Consequently, the TUC called on government to suspend all taxes and levies on petrol, diesel, LPG, and Kerosene until the international price of crude oil and the value of the cedi are stabilized. The TUC added that the 15 pesewas reduction offered by government is not enough.
“Suspending all taxes and levies on fuel products in these challenging times will also demonstrate to Ghanaians that our government really cares and it is sensitive to the plight of the good people of Ghana”.
“Given the negative effects of higher fuel prices on standard of living, we once again urge government to consider reviewing the method for fuel pricing because the current method is unfair to consumers”.
Dr. Yaw Baah also noted that the rapid depreciation of the Ghana Cedi is also feeding into inflation.
“In July 2021, when we were negotiating national minimum wage and public sector pay for 2021 and 2022, inflation was 9%.
In March, 2022, inflation was 19.4%. Between March, 2021 and March, 2022, food prices increased by 22.4%, on average. Prices of some essential commodities increased by higher rates.
For example, the price of water increased by 27.1%; price of cereals and cereal products increased by 25%; price of meat increased by 20.2%; prices of fish and other seafood increased by 23.7%; price of oils increased by 28.2%; prices of fruits increased by 22.1%; and the prices of vegetables, tubers, plantains increased by 23.8%”.
The TUC Secretary-General added that many workers and their families have fallen into poverty and that, if nothing is done about this situation many more workers and their families will suffer severe poverty in the coming months.
“This is the time salaries in both the private and public sectors must be indexed to inflation in order to avoid worsening living standards among workers and their families. This is the time Ghanaian workers must be paid a living wage”.
On the agreement that that the Single Spine Pay Policy should be reviewed, Dr.

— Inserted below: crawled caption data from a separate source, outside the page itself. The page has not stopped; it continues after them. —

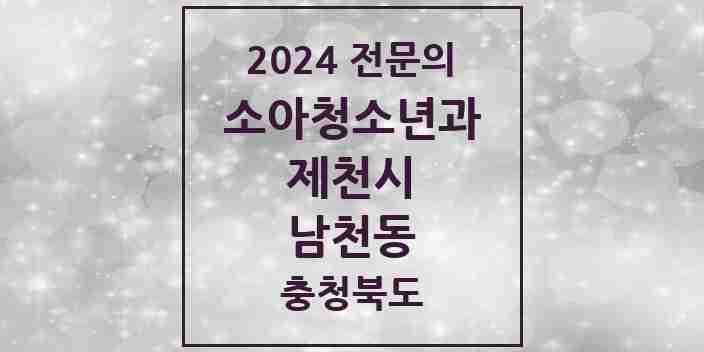 2024 남천동 소아청소년과(소아과) 전문의 의원·병원 모음 1곳 | 충청북도 제천시 추천 리스트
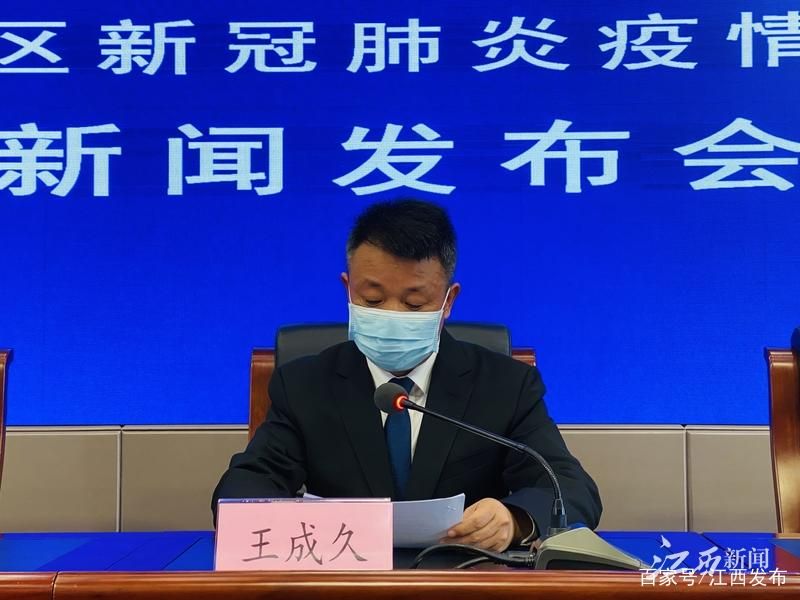 专家:江西南昌新建区每年或现多个感染高峰/南昌新建区疫情最新消息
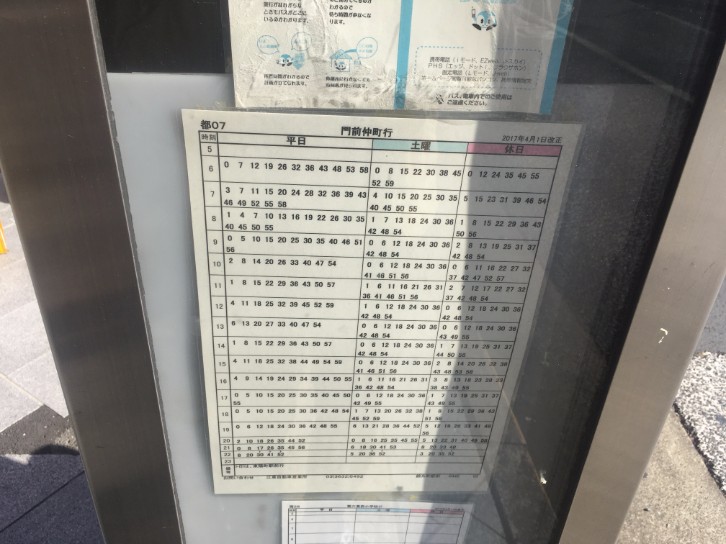 錦糸町駅　時刻表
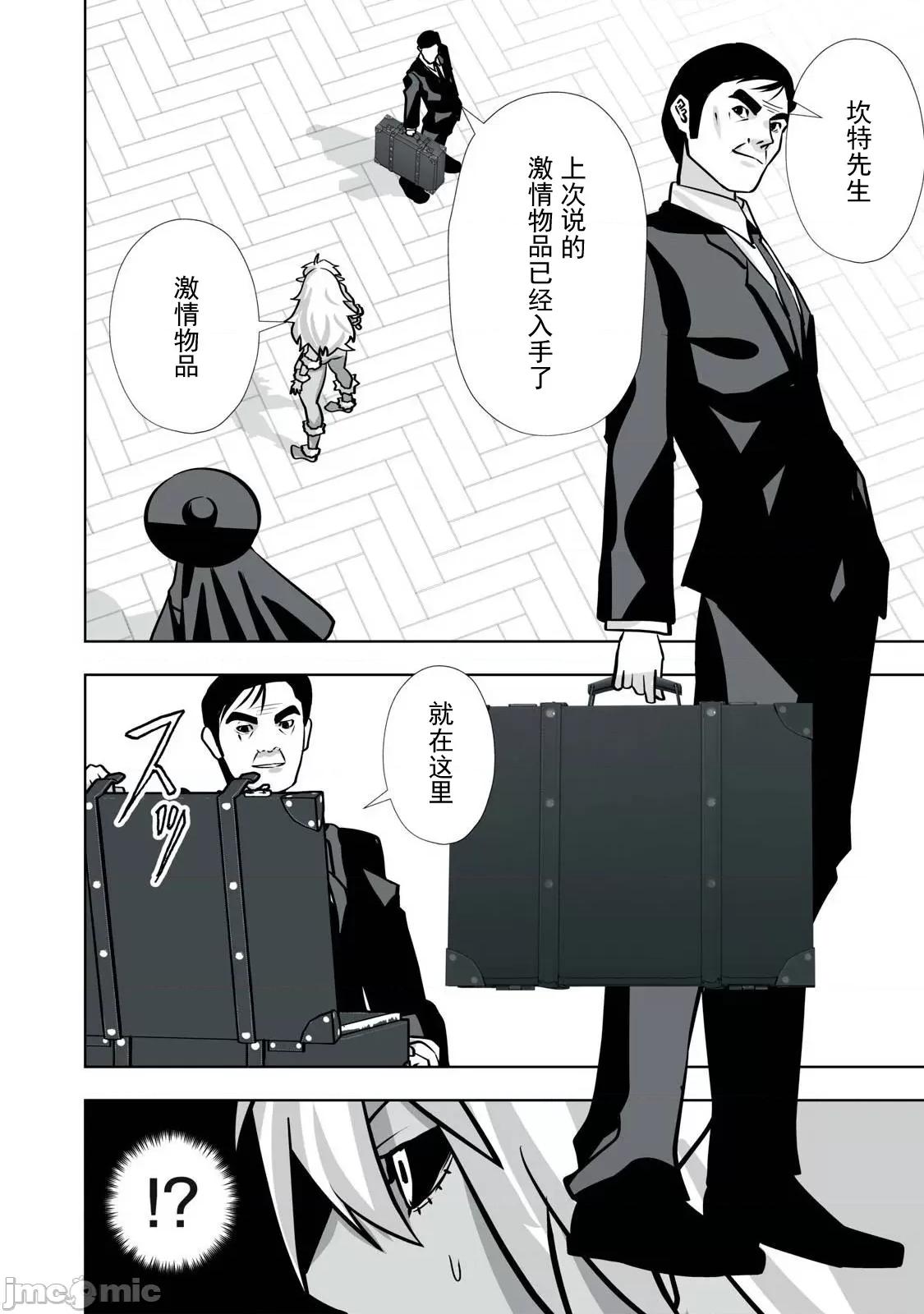 被開除的煉金術師、用成人玩具拯救世界～讓一切魔獸的男人 成人玩具33 第4页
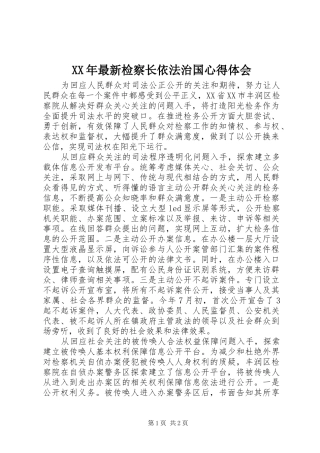 XX年最新检察长依法治国心得体会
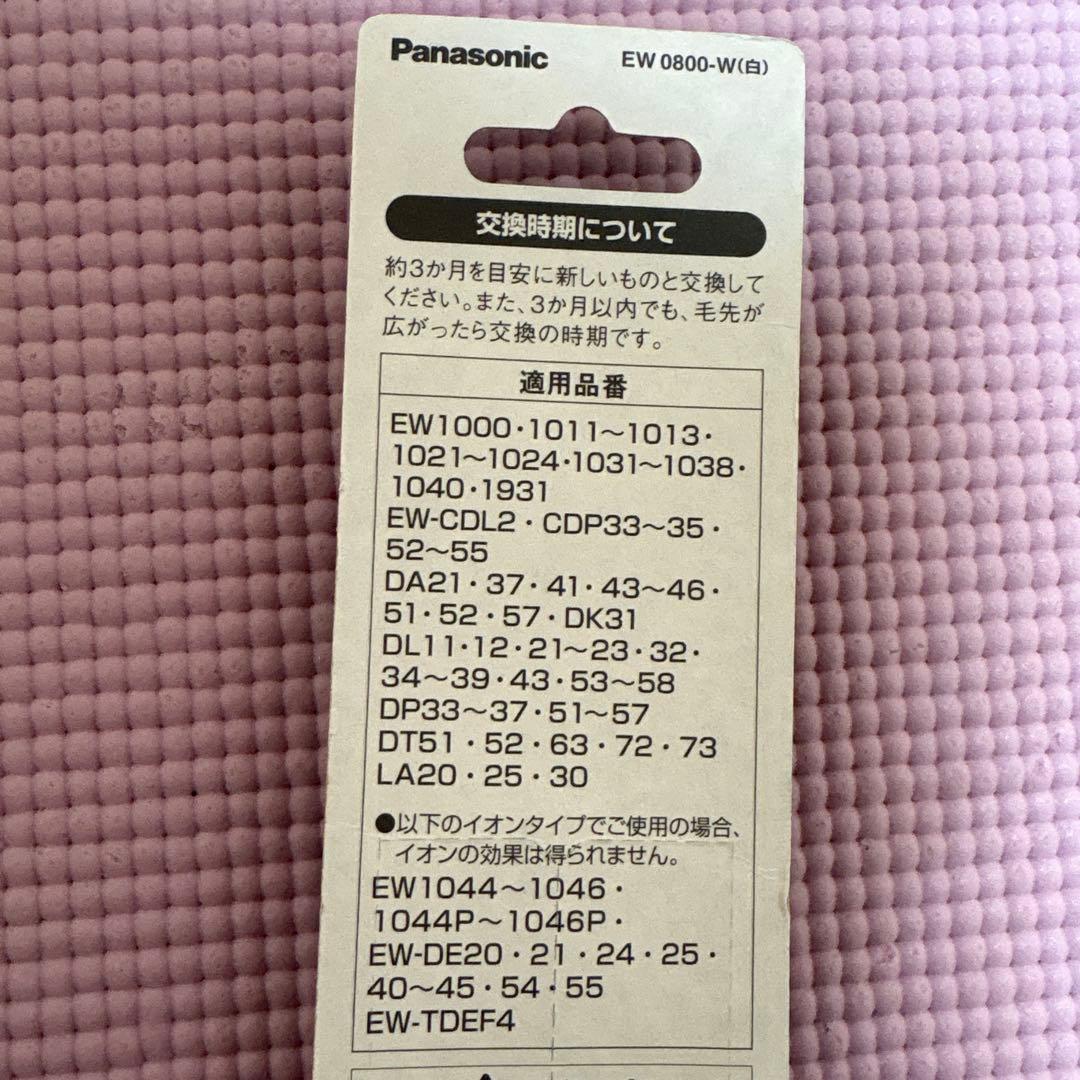 Panasonic Doltz 替えブラシ EW0800-W — image 4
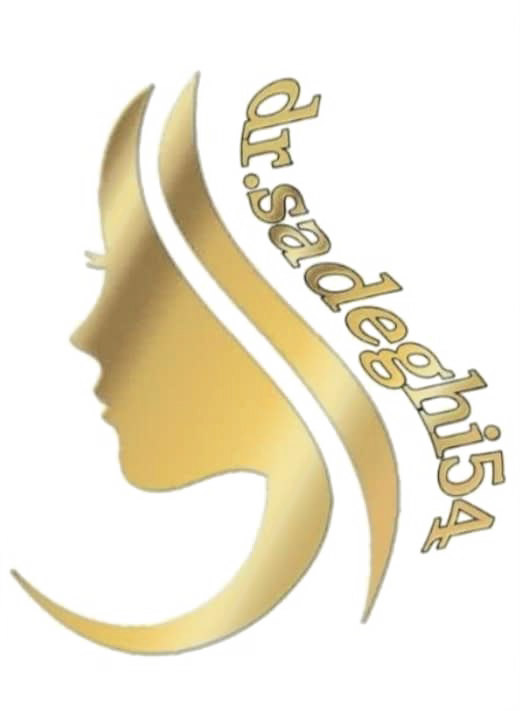 کلینیک زیبایی دکتر صادقی
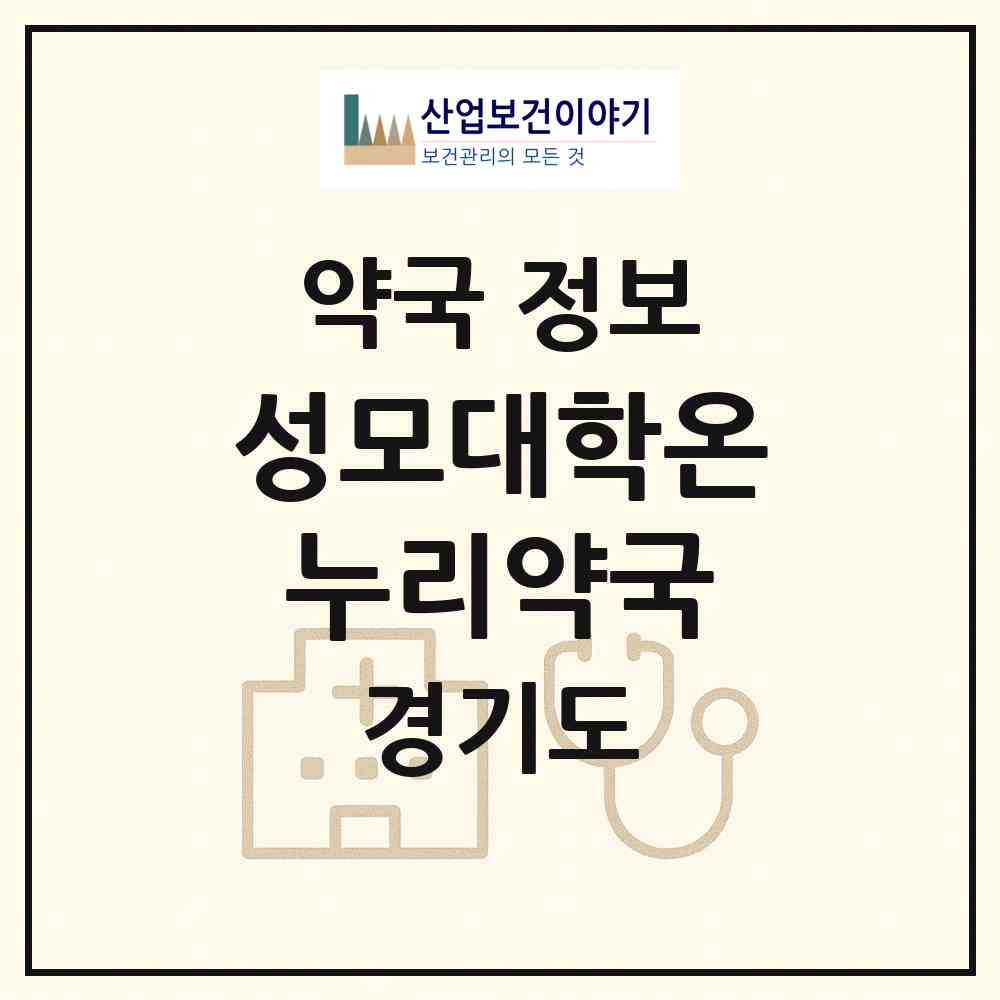 2026 성모대학온누리약국 (의정부시 금오동) | 위치·전화번호·약사수 약국 정보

Baah stated that the TUC expects the committee to address the key challenges that have hindered effective implementation of the Single Spine Pay Policy.
“The first challenge has to do with the low levels of pay for workers on the Single Spine Salary Structure. Some public sector workers on the Single Spine Salary Structure are currently receiving salaries as low as GHS415 per month. This is woefully inadequate for any meaningful life in these difficult times”.
One of the main objectives of the Single Spine Pay Policy was to ensure fairness in the reward system in the public service, he noted, but after twelve years of implementation of the policy, pay differentials in the public service has worsened.
“We now have a situation where junior officers in some public service institutions who are not on the Single Spine Salary Structure, earn much higher salaries than senior officers on the structure”.
He also added that in 2021 and 2022 when public sector workers on the Single Spine Salary Structure were offered 4% and 7% pay increments respectively, some state-owned enterprises awarded themselves over 25 percent salary increase, even though their salaries are much higher than workers on the Single Spine Salary Structure.
“On this special day, May Day, we call on President Akufo-Addo to ensure that the reward system in the entire public sector, including emoluments for Article 71 office holders and top management of state-owned enterprises, is totally overhauled”.
The low level of salaries and the pay inequalities have very serious implications for workers not only when they are in active service but also when they retire, he noted.